Net Farm Income up 24% in 2004 reports a feature article on the ERS-USDA website. “2004 was an exceptional year for U.S agriculture. Net farm income, value of production, value-added, and net cash income all registered historic highs, substantially topping their previous highs in 2003. (Net farm income was up 24 percent; value of production, up 12 percent; net value added, up 16 percent; and net cash income, up 13 percent.). . . . In 2005, net farm income is forecast to be $64.4 billion, down $9.2 billion from the record $73.6 billion estimated for 2004. Income is forecast down in 2005 only because in 2004 income rose $14.4 billion to an unprecedented level. In 2004, both crop and livestock commodities experienced exceptionally favorable market and/or production conditions. 2003 and 2004 were truly exceptional years for U.S agriculture. Net farm income, net value-added, and net cash income registered historic highs in successive years. Two consecutive years of record high corn production and large harvests for other major crops and unusually high prices for livestock and milk created record earnings for the farm sector, and participants who assume the risks of production (farmers, partners, and contractors) reaped the benefits.” Read the complete article at http://www.ers.usda.gov/briefing/farmincome/nationalestimates.htm.

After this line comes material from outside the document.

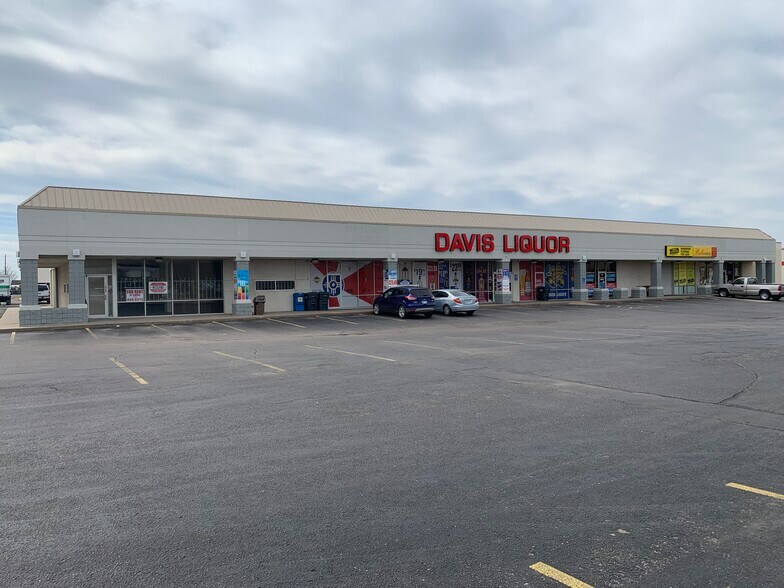 More Photos Of 8909 W Kellogg Dr, Wichita Storefront For Lease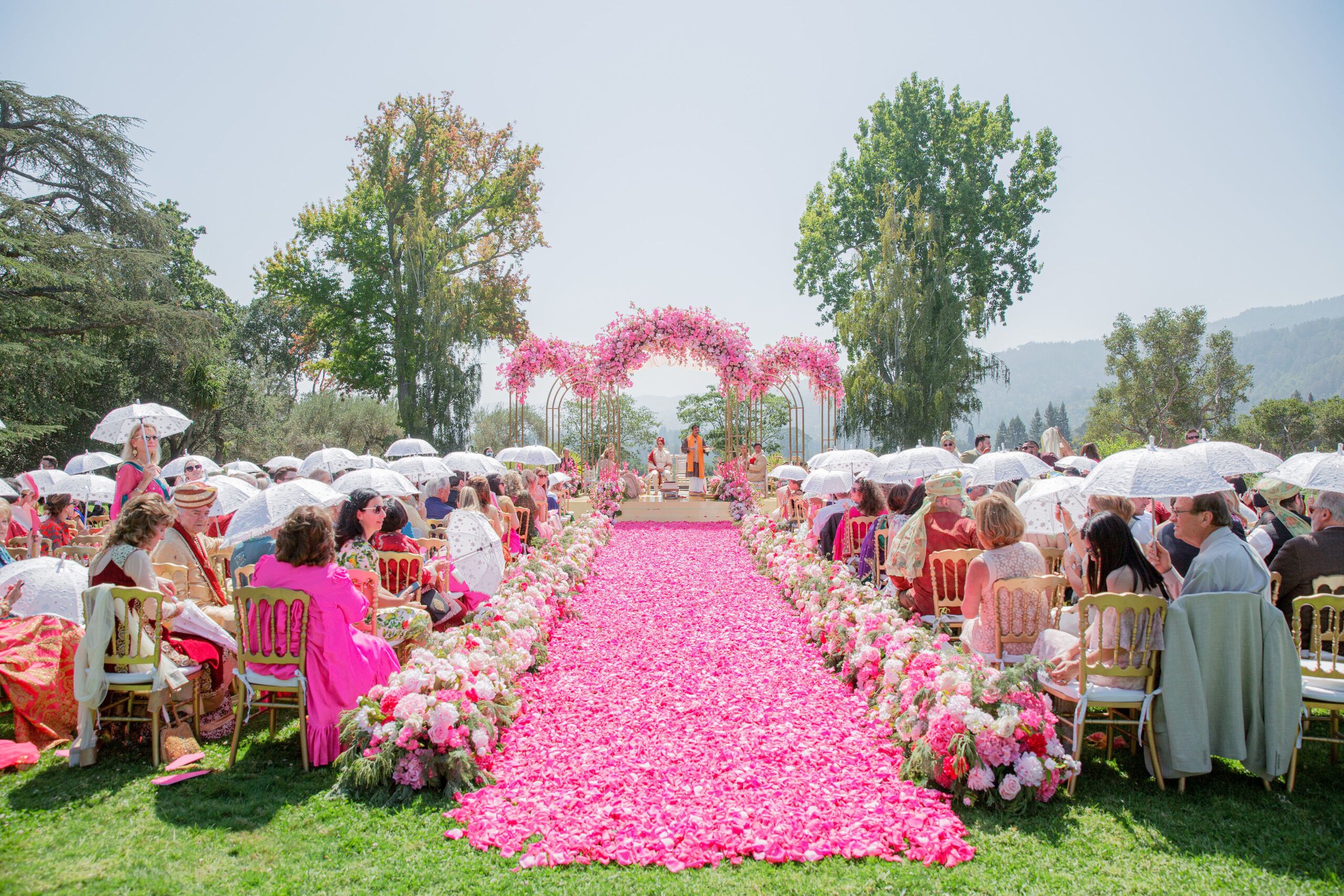 21 Pink Wedding Ideas for Fun & Flirty Vibes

Administration Budget Proposal Includes Agriculture Spending Cuts and Program Changes reports NCFC Update (Feb. 11, 2005). “The President's FY 2006 budget proposal. . . would cut farm programs under the 2002 Farm Bill by $587 million in FY 2006 and $5.7 billion over 10 years (FY 2006-2015). A number of other programs would be impacted, including USDA's Market Access Program (MAP) which would be reduced to $125 million, down from this year's $140 million, and significantly below the $200 million provided under the Farm Bill for 2006 and 2007. At same time, it would extend for 2 years the dairy MILC (milk income loss contracts) program, which expires September 30, 2005. . . . Both the House and Senate have now begun hearings on the President's overall budget proposal, which marks the beginning of what can be a lengthy process for consideration and action by Congress. Under the Budget Act, Congress has a target date of April 15 to reach agreement on a budget resolution with a final date of June 15 to complete action on any spending or tax changes that may be required under what is known as the budget reconciliation process.”